TASK DETAILS: The data is to be reproduced in full and without error.

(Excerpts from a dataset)
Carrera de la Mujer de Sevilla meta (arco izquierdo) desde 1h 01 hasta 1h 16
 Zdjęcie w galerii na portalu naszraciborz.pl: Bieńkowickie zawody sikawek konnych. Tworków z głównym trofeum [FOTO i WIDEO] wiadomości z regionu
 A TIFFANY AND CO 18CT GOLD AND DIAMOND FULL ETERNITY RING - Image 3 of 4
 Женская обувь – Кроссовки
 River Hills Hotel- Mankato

RESPONSE AREA:
Carrera de la Mujer de Sevilla meta (arco izquierdo) desde 1h 01 hasta 1h 16
 Zdjęcie w galerii na portalu naszraciborz.pl: Bieńkowickie zawody sikawek konnych. Tworków z głównym trofeum [FOTO i WIDEO] wiadomości z regionu
 A TIFFANY AND CO 18CT GOLD AND DIAMOND FULL ETERNITY RING - Image 3 of 4
 Женская обувь – Кроссовки
 River Hills Hotel- Mankato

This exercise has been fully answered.